___ ENTRIES SUPPLIED ___

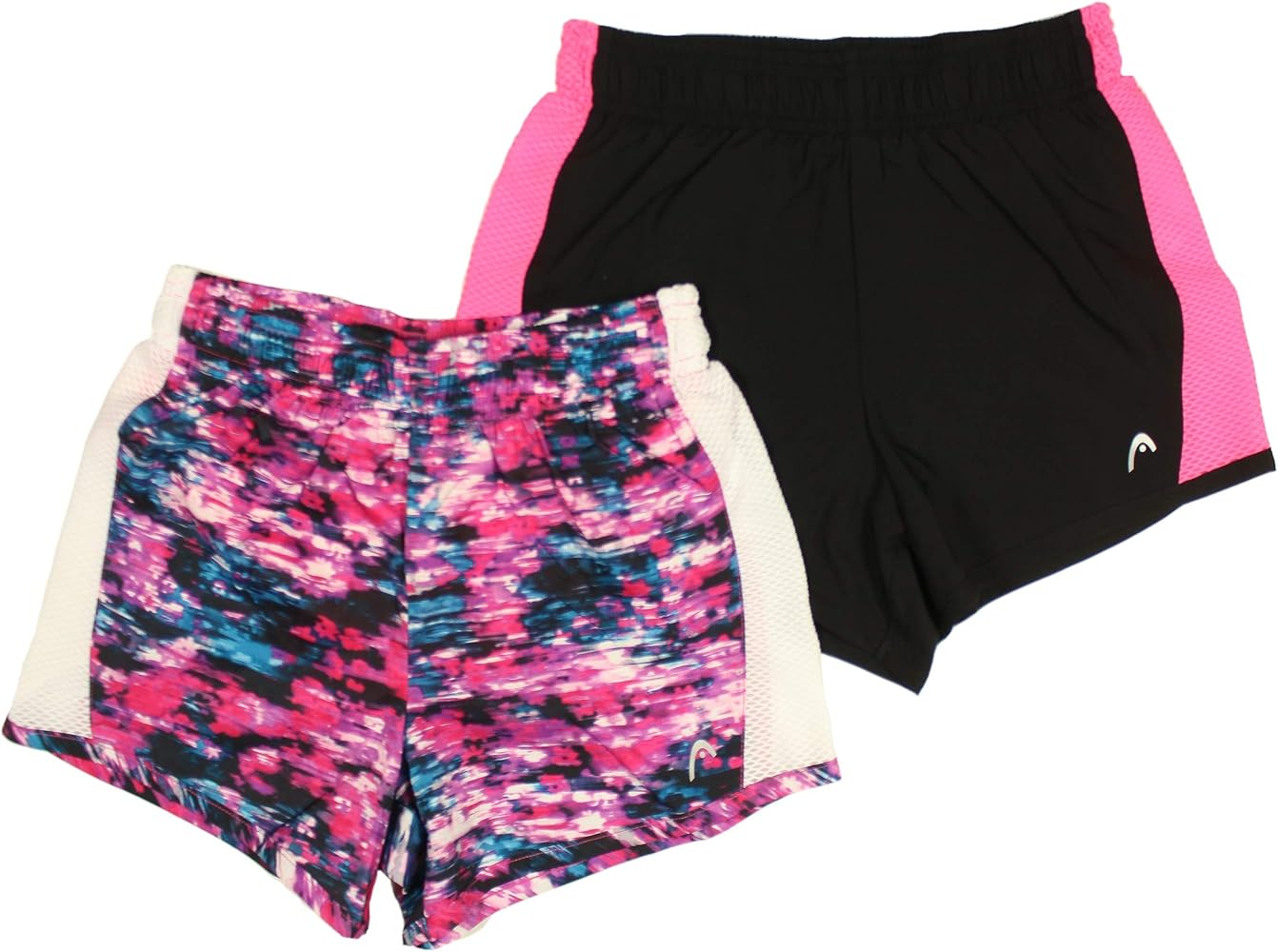 HEAD Girls' Athletic Track Shorts (Pack of 2) (Black/Wild Pink, Medium (10/12))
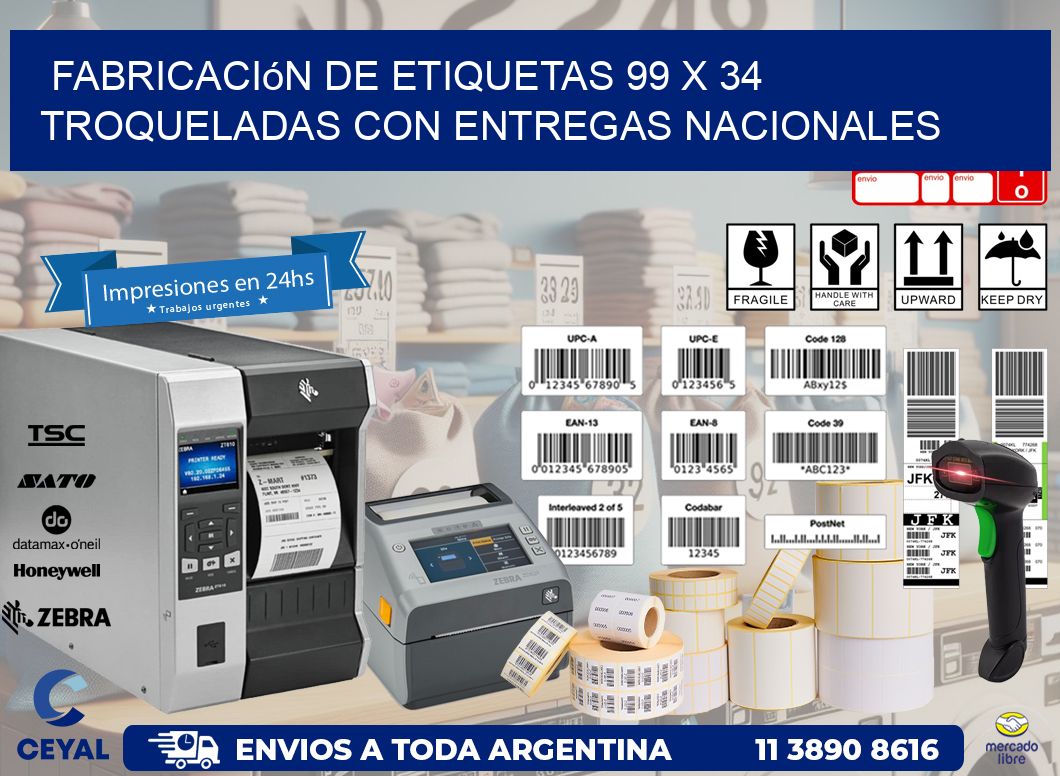 Fabricación de etiquetas 99 x 34 troqueladas con entregas nacionales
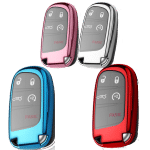 New TPU Prox Case Cover Jeep Dodge Key Fob Cover Premium Soft Full Protection Key Case Shell Compatible with Jeep Grand Cherokee Wrangler Compass Cherokee Renegade Patriot Grand Comander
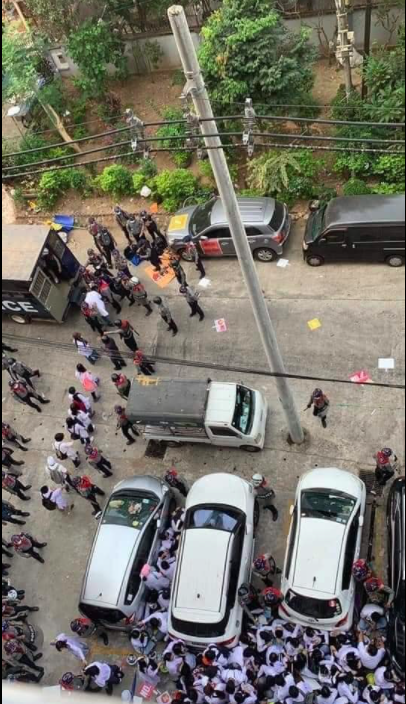 shun_htwe's tweet photo. Medical students are arrested when they are preparing to protest. Police told them to take off duty coat before getting on the prison care. Where is justice for us?? 
#WhatsHappeningInMyanmar 
#Feb28Coup 
#OpCCP https://t.co/lQudLMw4X0
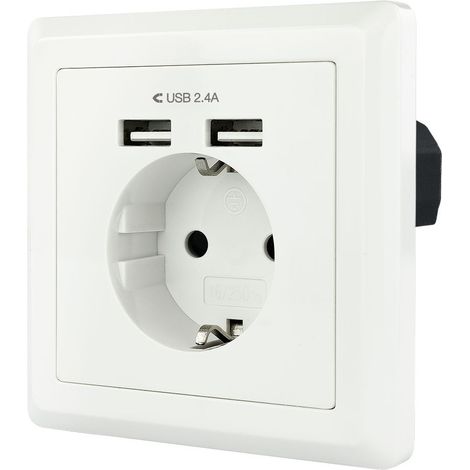 Wandsteckdose nanocable weiß 86x86 mm usb anschlüsse 2 4 A (1/2)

___

### YOUR OBJECTIVE
All lines from the one containing "shun_htwe's tweet photo." to the last line of the records above, both included, need to be repeated word for word; omit the pictures.

### SOLUTION BELOW
 shun_htwe's tweet photo. Medical students are arrested when they are preparing to protest. Police told them to take off duty coat before getting on the prison care. Where is justice for us?? 
#WhatsHappeningInMyanmar 
#Feb28Coup 
#OpCCP https://t.co/lQudLMw4X0
 Wandsteckdose nanocable weiß 86x86 mm usb anschlüsse 2 4 A (1/2)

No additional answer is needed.